_EXERCISE DESCRIPTION:_ Go to the line holding "11:01 | YESグループ Bellfloraのお得なニュース" in the data below and repeat it exactly, then each line after it up to and including the one holding "Средняя школа. Худшие годы моей жизни". Omit pictures.

_DATA TO PROCESS:_
* * * * * * * * *
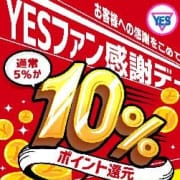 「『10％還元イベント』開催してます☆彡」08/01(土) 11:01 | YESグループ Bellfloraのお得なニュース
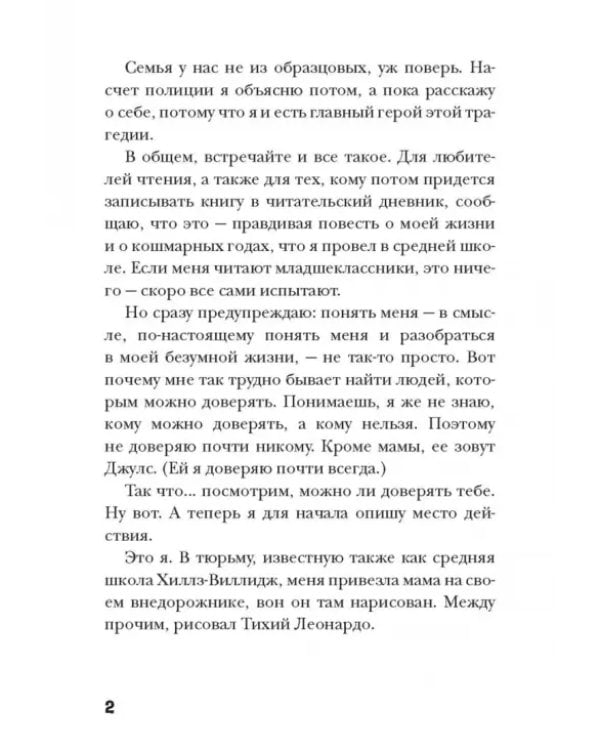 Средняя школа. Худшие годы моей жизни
* * * * * * * * *
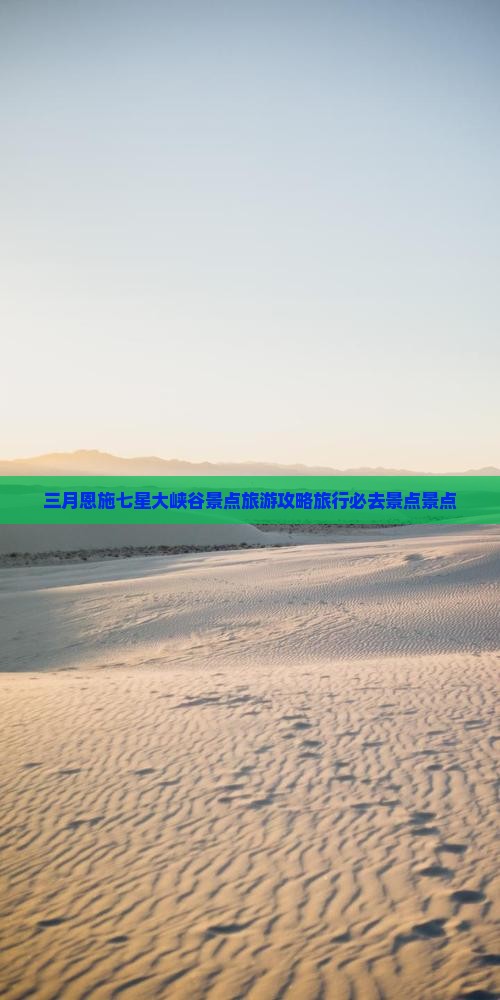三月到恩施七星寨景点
* * * * * * * * *
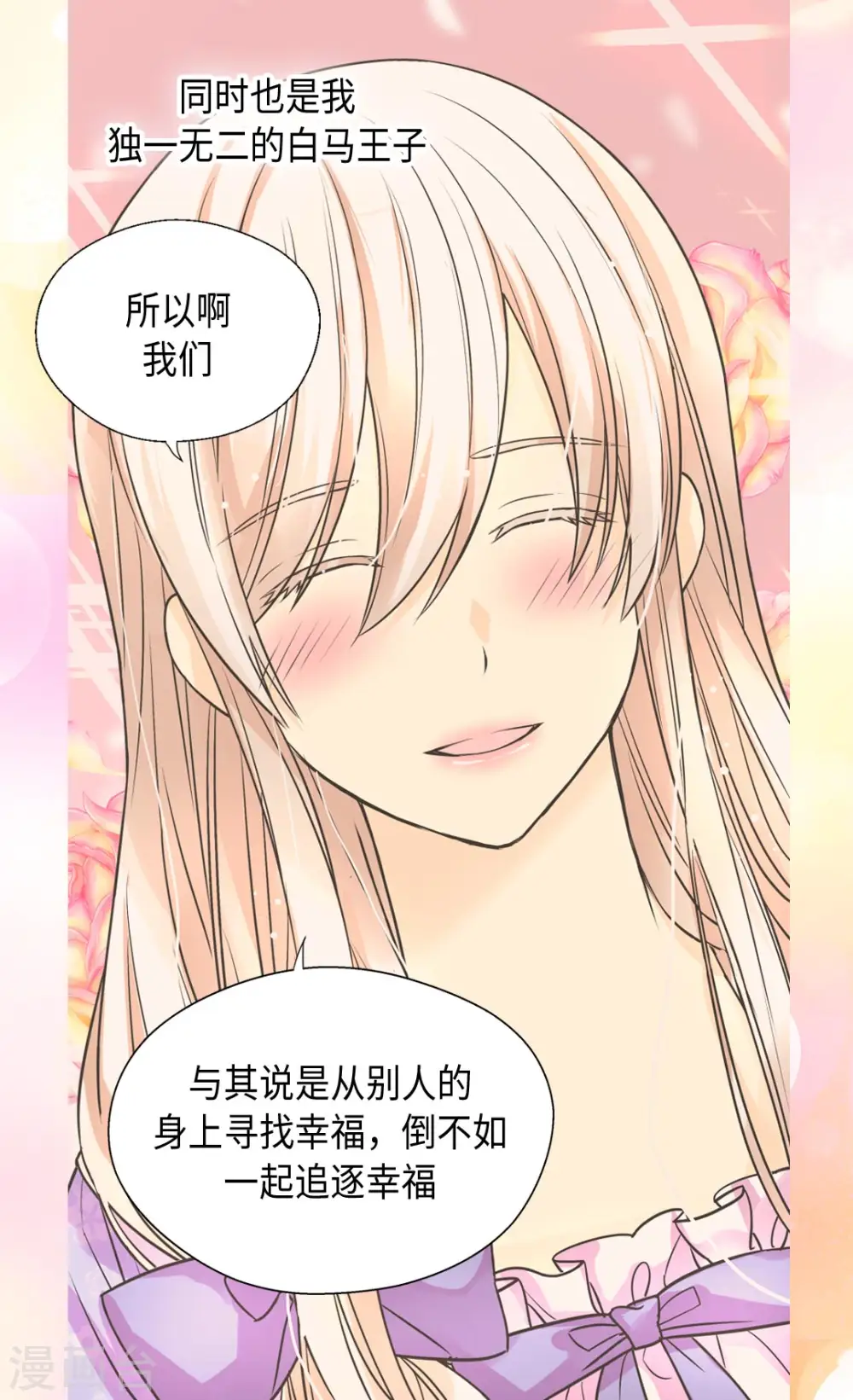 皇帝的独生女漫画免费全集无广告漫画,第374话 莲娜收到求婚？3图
* * * * * * * * *
_RESPONSE TO THIS EXERCISE:_
 「『10％還元イベント』開催してます☆彡」08/01(土) 11:01 | YESグループ Bellfloraのお得なニュース
 Средняя школа. Худшие годы моей жизни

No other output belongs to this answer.